Breaking Cover: Poems
by Michael Maul
85 poems ~ 126 pages
Format: 6’’ x 9” ~ Perfect Bound
Price: $15.00
Publisher: Amazon Books
ISBN: 9798831760415
To Order: amazon.com


Reviewed by Michael Escoubas

Among the richest of childhood experiences were hunting trips with my father. An expert hunter and bird dog trainer, Dad skillfully worked Lady, our German Weimaraner setter around brush piles in our pasture. He had a good sense about where to find pheasants and quail. Dad cautioned us boys not to panic when our quarry “broke cover.” As Lady went on point, in icy air still as death, Sunday dinner exploded from the brush. 12-gauge shot did its predictable damage.
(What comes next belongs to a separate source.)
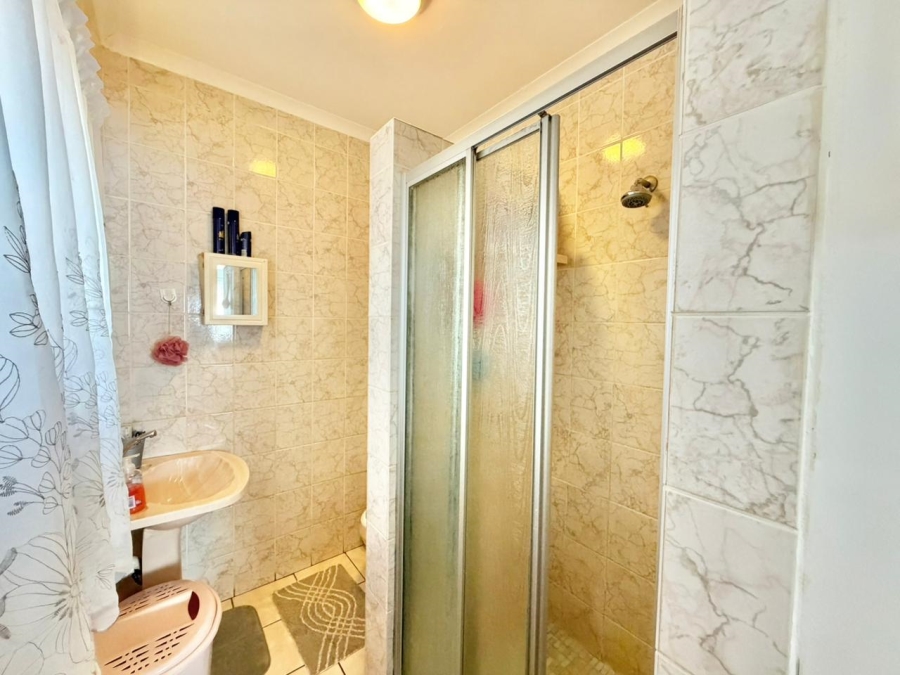 To Let 3 Bedroom Property for Rent in West Acres Mpumalanga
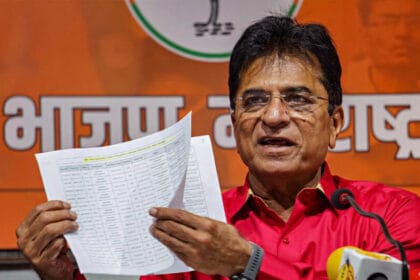 बीएमसी चुनाव में किरीट सोमैया के बेटे को मिला वॉकओवर, विपक्ष ने क्यों नहीं उतारे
Home, we trudged, with Lady carrying a bird in her tight jaws.

I recalled those hunting trips the moment I read Michael Maul’s title Breaking Cover.

In this review I want to showcase certain poems which “broke my cover.” Poems which startled me, causing a hiccup in my life. The best poets know how to make readers think.

A Word about Style and Format

Maul’s style is conversational. He writes as if he were talking with a friend enjoying soup and biscuits at Pinera’s. Each of the four “books” contains either 15 or 16 poems. However, the individual books do not adhere to strict divisions of theme or content. Many poems rhyme. While I’m not a big fan of rhyme, I like the way this poet uses internal and end-rhyme. He does so without betraying, “Oh, now I have to think up an ending rhyme because, after all, I’m committed to rhyming no matter what.” Observant to a fault, virtually nothing escapes this poet's notice that cannot be made into a poem. Titles! Maul is good with titles. Who wouldn’t want to read “On Seeing a Teen Girlfriend’s Blouse Displayed in a Vintage Clothing Shop”? Or “Things I Have Heard About You”? Or “To Chinese Hackers Who Stole My Poems”? To readers, I say, “Buckle up for a wild ride!!”

Breaking Cover Book One

I was enchanted with the 7-line poem “Few Finer Things”:

          There was a time
          when I could image
          few finer things
          than storks and angels
          coming and going,
          beginning and ending
          our lives with wings.

Poets say familiar things, but they say them in fresh ways, as if it were the first time they were ever said. Here beginnings and endings, alphas and omegas are seen, ascending on the wings of words. Note: “things,” “going,” “ending,” “wings.” Each word knowing where it belongs.

Breaking Cover Book Two

“I Know There Are People” broke my cover in a lovely poem which sheds light on the human condition. From selected stanzas:

          I know there are people
          who are largely invisible to me.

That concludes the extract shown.